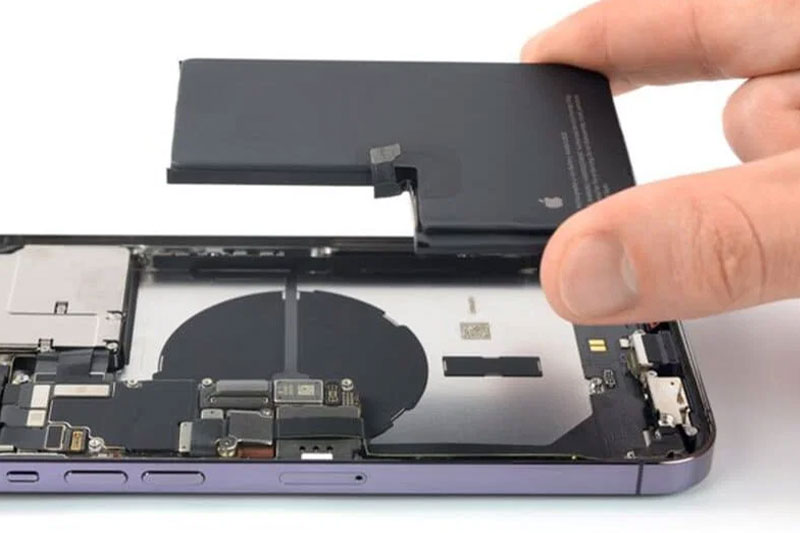 Trước khi thay pin, bạn nên sao lưu dữ liệu quan trọng lên iCloud, máy tính hoặc thiết bị lưu trữ cá nhân. Trước khi thay pin, bạn nên sao lưu dữ liệu quan trọng lên iCloud, máy tính hoặc thiết bị lưu trữ cá nhân.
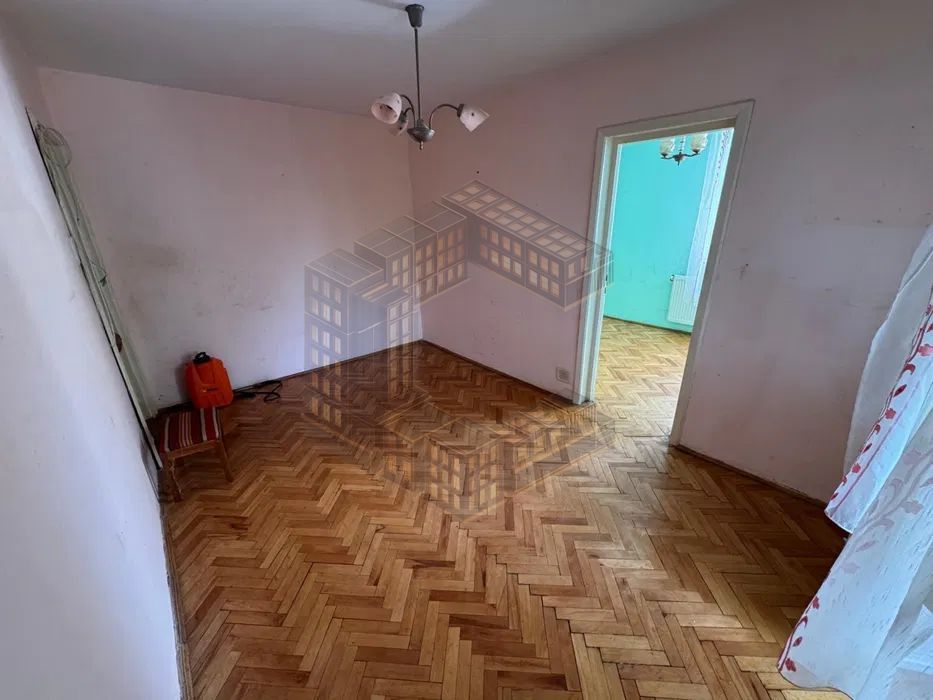 Apartament cu 2 camere, semidecomandat, zona Soarelui - imaginea 4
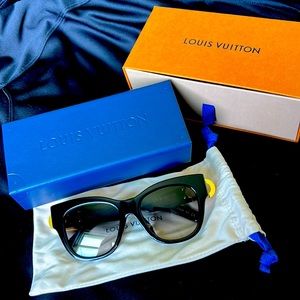 LV Link PM Cat Eye Sunglasses “AUTHENTIC”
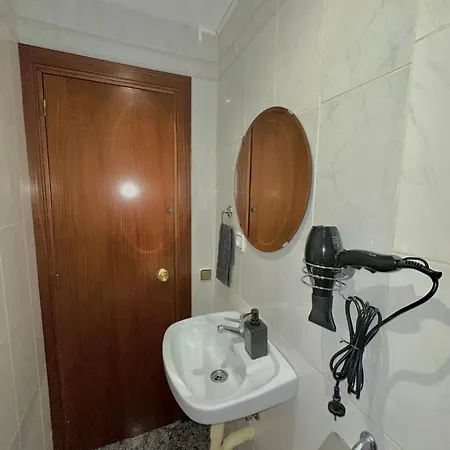 Apartment Leon House Apartamento *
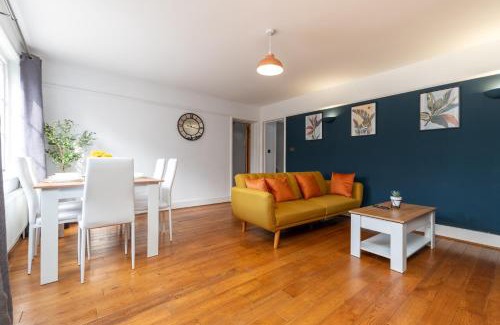 Hatfield Apartamento | Entire 5 Bed House - Contractors, Family's & More - Free Parking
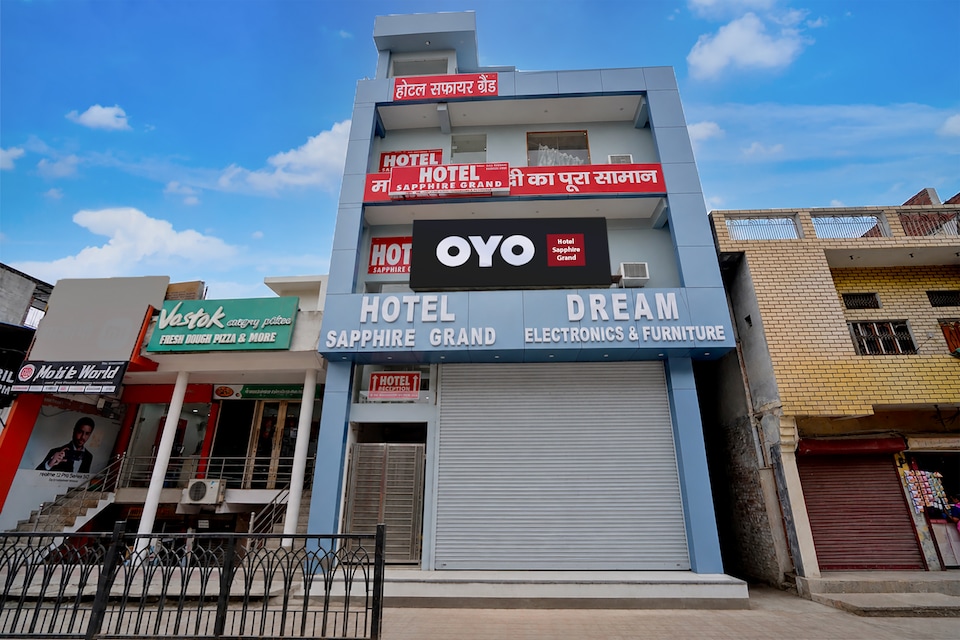 Hotel O Sapphire Grand, Airport Lucknow, Lucknow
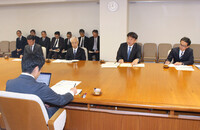 TEPCO President Tomoaki Kobayakawa (second from right) and others meet with Aomori Governor Soichiro Miyashita (front) to discuss a medium- to long-term program for an interim nuclear fuel storage facility, at the Aomori prefectural government office on Monday.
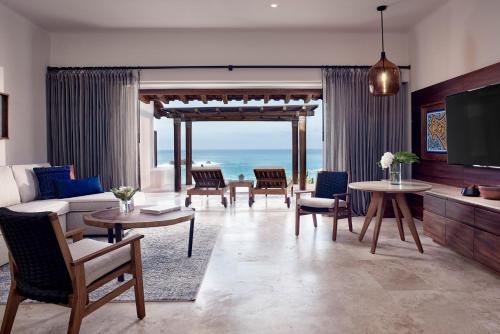 Oceanfront Plunge Pool Suite 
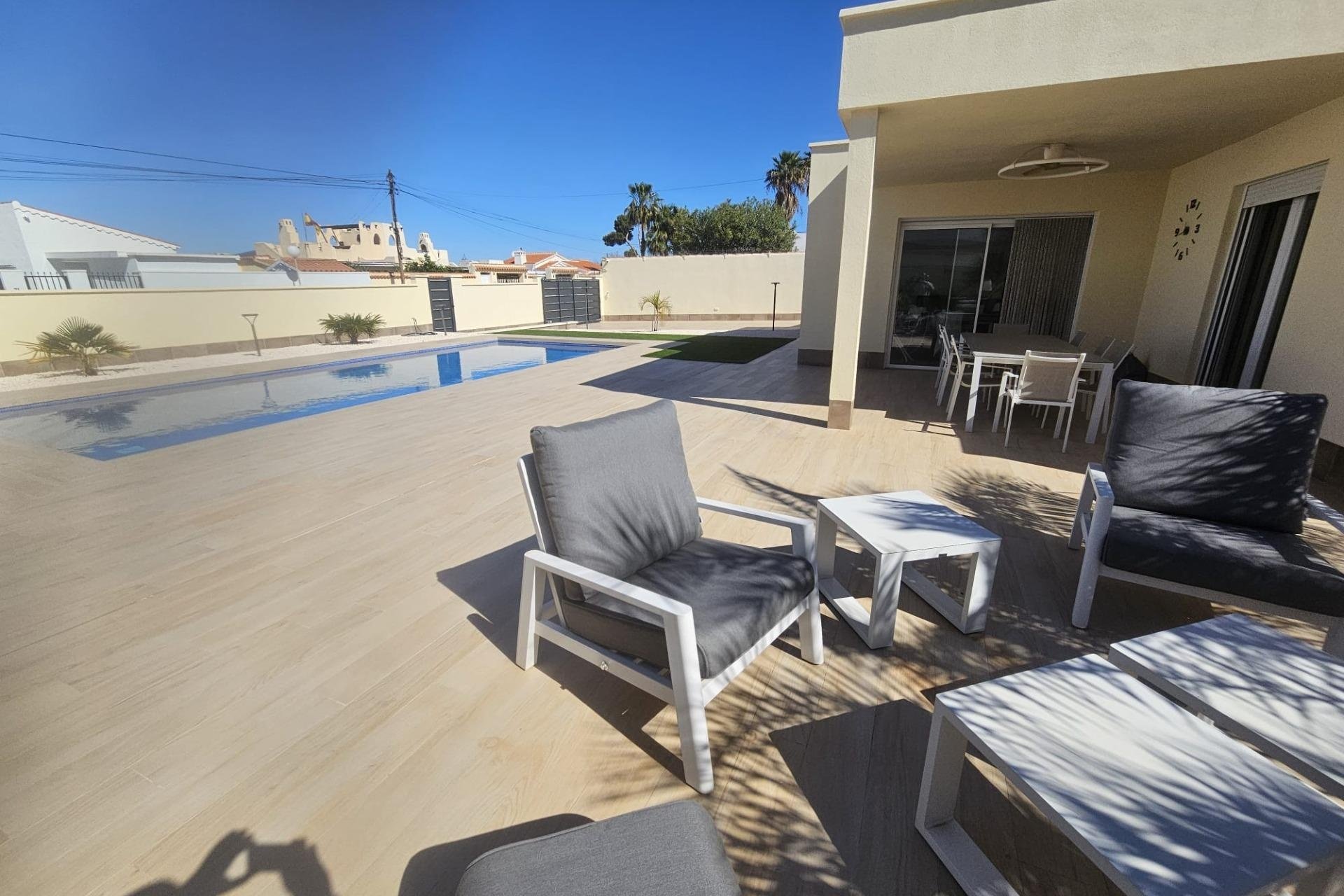 Herverkoop - Villa -
Torrevieja - La Siesta - El Salado - Torreta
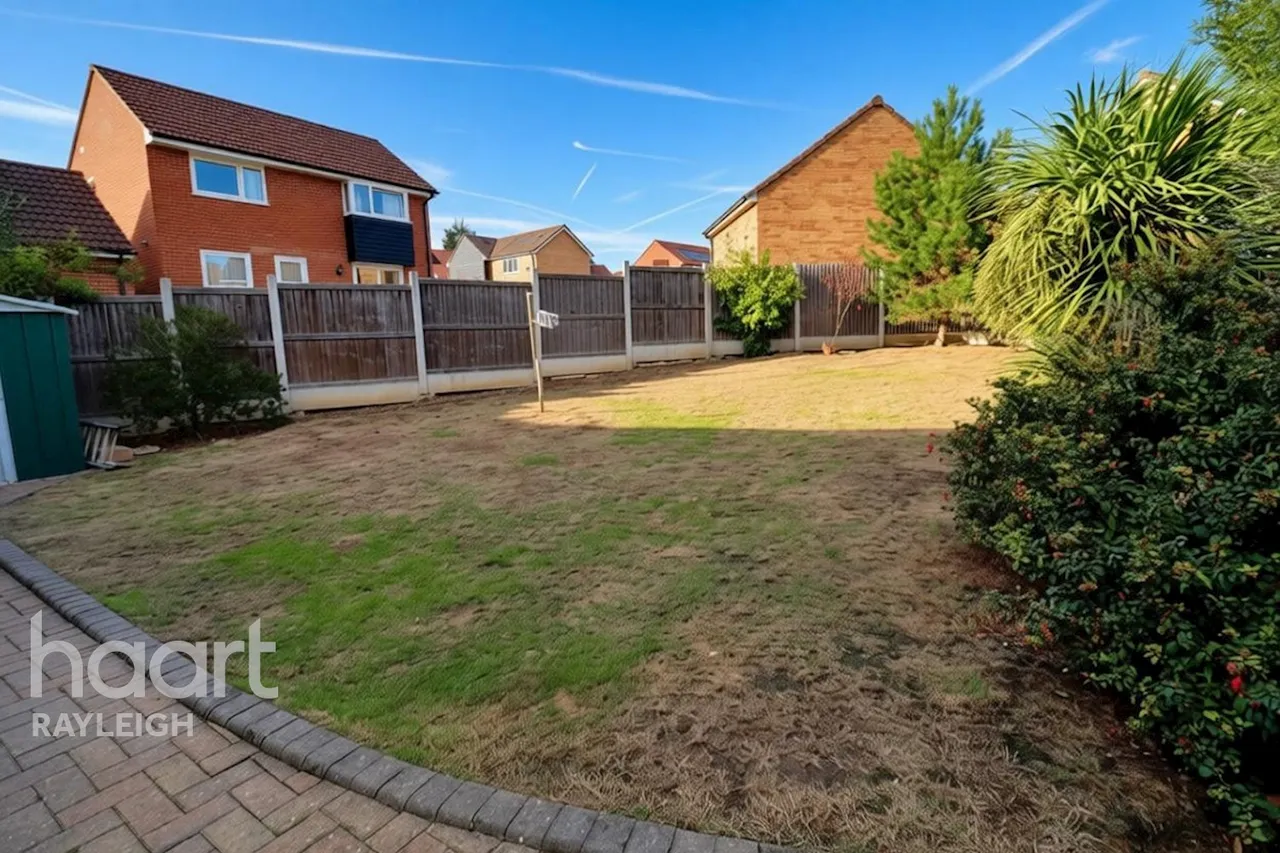 Homestead Close, Rayleigh, SS6, photo 18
***
### What to work on:
Line for line, restate the data above and omit every picture.

### Exercise response:
 Trước khi thay pin, bạn nên sao lưu dữ liệu quan trọng lên iCloud, máy tính hoặc thiết bị lưu trữ cá nhân. Trước khi thay pin, bạn nên sao lưu dữ liệu quan trọng lên iCloud, máy tính hoặc thiết bị lưu trữ cá nhân.
 Apartament cu 2 camere, semidecomandat, zona Soarelui - imaginea 4
 LV Link PM Cat Eye Sunglasses “AUTHENTIC”
 Apartment Leon House Apartamento *
 Hatfield Apartamento | Entire 5 Bed House - Contractors, Family's & More - Free Parking
 Hotel O Sapphire Grand, Airport Lucknow, Lucknow
 TEPCO President Tomoaki Kobayakawa (second from right) and others meet with Aomori Governor Soichiro Miyashita (front) to discuss a medium- to long-term program for an interim nuclear fuel storage facility, at the Aomori prefectural government office on Monday.
 Oceanfront Plunge Pool Suite 
 Herverkoop - Villa -
Torrevieja - La Siesta - El Salado - Torreta
 Homestead Close, Rayleigh, SS6, photo 18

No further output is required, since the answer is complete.